SUNDAY JOINT, 9-15-2019: MOST MOMS AGREE: "SURFERS ARE REALLY GOOD-LOOKING!"

Hey All,

As a kid, both of my parents were neutral on my surf fixation. I kept my grades up, they let me get in the water as much as I wanted, kicked down a few bucks when I needed a new stick, drove me to the contest if nobody else was available. It bothered me not a bit that they didn’t show the kind of interest in surfing that today’s groms expect almost by birthright. Much later, in fact, I came to appreciate my parents’ disinterest, because if I could manage to grab their attention with something I’d written about surfing—and at a certain level nearly everything I write is aimed in their direction, because they’re my folks, and because they are (or were) discerning readers—then the job was done well.

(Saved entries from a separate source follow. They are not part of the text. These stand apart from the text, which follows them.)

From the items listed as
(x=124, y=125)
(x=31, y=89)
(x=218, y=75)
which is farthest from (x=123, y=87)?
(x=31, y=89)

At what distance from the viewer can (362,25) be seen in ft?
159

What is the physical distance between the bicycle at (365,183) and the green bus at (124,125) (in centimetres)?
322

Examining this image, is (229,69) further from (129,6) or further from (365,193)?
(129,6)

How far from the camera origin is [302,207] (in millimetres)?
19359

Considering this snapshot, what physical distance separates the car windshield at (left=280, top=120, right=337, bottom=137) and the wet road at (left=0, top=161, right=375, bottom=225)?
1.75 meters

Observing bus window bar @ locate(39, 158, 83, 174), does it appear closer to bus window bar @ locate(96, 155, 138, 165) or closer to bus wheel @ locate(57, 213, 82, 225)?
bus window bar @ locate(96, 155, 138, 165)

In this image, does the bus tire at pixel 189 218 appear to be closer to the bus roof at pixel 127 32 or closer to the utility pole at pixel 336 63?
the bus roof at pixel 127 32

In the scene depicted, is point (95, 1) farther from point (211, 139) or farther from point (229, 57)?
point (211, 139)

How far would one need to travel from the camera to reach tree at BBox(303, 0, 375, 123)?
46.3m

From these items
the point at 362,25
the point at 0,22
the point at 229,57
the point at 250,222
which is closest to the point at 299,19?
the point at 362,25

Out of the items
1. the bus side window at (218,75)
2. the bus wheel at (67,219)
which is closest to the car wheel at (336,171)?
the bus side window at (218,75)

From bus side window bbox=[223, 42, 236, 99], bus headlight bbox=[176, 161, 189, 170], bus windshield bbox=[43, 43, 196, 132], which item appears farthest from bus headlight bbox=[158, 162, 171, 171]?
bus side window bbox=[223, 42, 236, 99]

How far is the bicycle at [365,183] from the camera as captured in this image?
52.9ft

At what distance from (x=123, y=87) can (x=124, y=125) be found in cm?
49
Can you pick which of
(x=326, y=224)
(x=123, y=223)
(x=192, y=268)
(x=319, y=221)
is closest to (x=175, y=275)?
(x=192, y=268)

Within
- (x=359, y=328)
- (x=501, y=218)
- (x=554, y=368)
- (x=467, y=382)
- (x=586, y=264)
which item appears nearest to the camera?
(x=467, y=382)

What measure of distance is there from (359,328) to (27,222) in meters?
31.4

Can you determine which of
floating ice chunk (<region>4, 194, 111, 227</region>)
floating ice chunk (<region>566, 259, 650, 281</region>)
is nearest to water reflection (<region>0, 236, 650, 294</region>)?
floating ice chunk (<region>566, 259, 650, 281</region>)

Rarely did either of them offer an unprompted surf-related thought or opinion. On one particular topic, though, they both did. “Surfers are really good-looking!” my mom said at some point in the mid-’70s, apropos of nothing I can recall—I want to say the remark was tied somehow to David Nuuhiwa, although that might be mixing up my own starry-eyed boyhood obsession with our great noseriding Pharoah. Then just a few weeks ago, my dad, who at 90 divides his reading hours between Anthony Powell, the NYT Book Review, and our very own Sunday Joint, emailed to say, “Am I imagining it, or are male surfers all incredibly good-looking?”

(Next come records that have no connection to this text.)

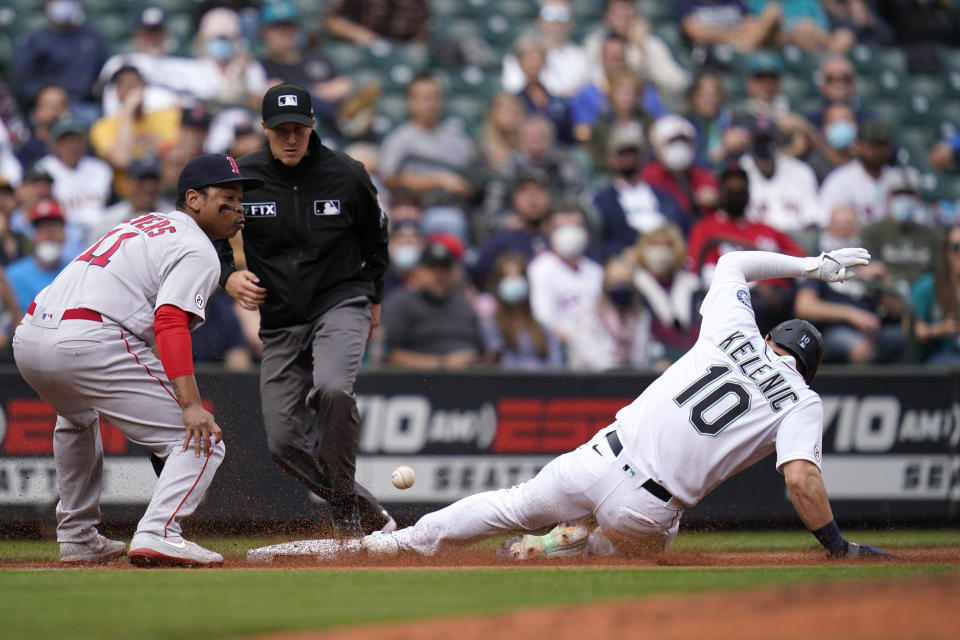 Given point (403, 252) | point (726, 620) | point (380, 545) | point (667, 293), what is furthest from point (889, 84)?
point (726, 620)

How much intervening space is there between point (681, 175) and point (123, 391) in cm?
710

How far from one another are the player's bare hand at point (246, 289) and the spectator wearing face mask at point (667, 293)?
4.20 meters

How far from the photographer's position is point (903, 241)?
1108 cm

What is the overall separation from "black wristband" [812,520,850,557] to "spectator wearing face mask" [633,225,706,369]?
3.92 m

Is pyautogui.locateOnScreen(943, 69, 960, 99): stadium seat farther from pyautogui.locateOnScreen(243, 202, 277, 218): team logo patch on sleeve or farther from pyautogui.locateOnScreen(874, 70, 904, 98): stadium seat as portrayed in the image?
pyautogui.locateOnScreen(243, 202, 277, 218): team logo patch on sleeve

My mom’s comment made me a little proud but a little more uncomfortable because I was 16 and, to borrow that old Vaudeville line, “That’s no lady, that’s my mom!” My dad’s comment made me actually wonder if surfers are in fact superior-looking creatures, and I think the short answer is Hector Velarde. That’s Hector, below, and here’s the clip I made earlier this week. Somebody on Facebook suggested that ’65 world champion Felipe Pomar—another aristocratic Peruvian, like Velarde—was in the game, to which I replied, “I love the Champ, but nobody goes side-by-side with Hector and comes out alive,” and by God I have the evidence!

Encyclopedia of Surfing
Encyclopedia of Surfing

Original Aussie big-wave hero Bob Pike would lose a walk-off against Hector every day of the week. But by any measure of toughness, and I pointedly include sheepshearing (read this), Pike would put Velarde over his knee and spank freely. I posted a new clip of Bob last week and almost wish I’d just left it at the opening three shots (Pike looking aces in a suit and tie while doing a TV interview; getting destroyed at Pipe; limping off the beach), but the song was too good to leave it there and I dug up every last Pike shot I had on the hard drive to stretch the video out. Unfortunately, what you get here is more or less a wipeout reel. Some day I will get my hands on more Bob Evans footage, which no doubt contains a few successful Pike rides, and when that happens I promise to redo his clip. Funny, Pike himself wouldn’t care one way or the other. Although Bob surfed regularly up into the mid-’90s, from about ’66 on he had zero interest in being a public figure of any kind. In 1998, a year before he took his own life at age 59 (he’d been in a traffic accident and never fully recovered), he told Aussie surf writer Shane Peel that he most enjoyed being “out there on my own,” and that “if no one had ever heard of Bob Pike, if no one had ever known if I had surfed or not, it wouldn’t have mattered one iota.” Which, oddly enough, makes it seem imperative that we throw the klieg lights on Pike at regular intervals and keep his memory alive.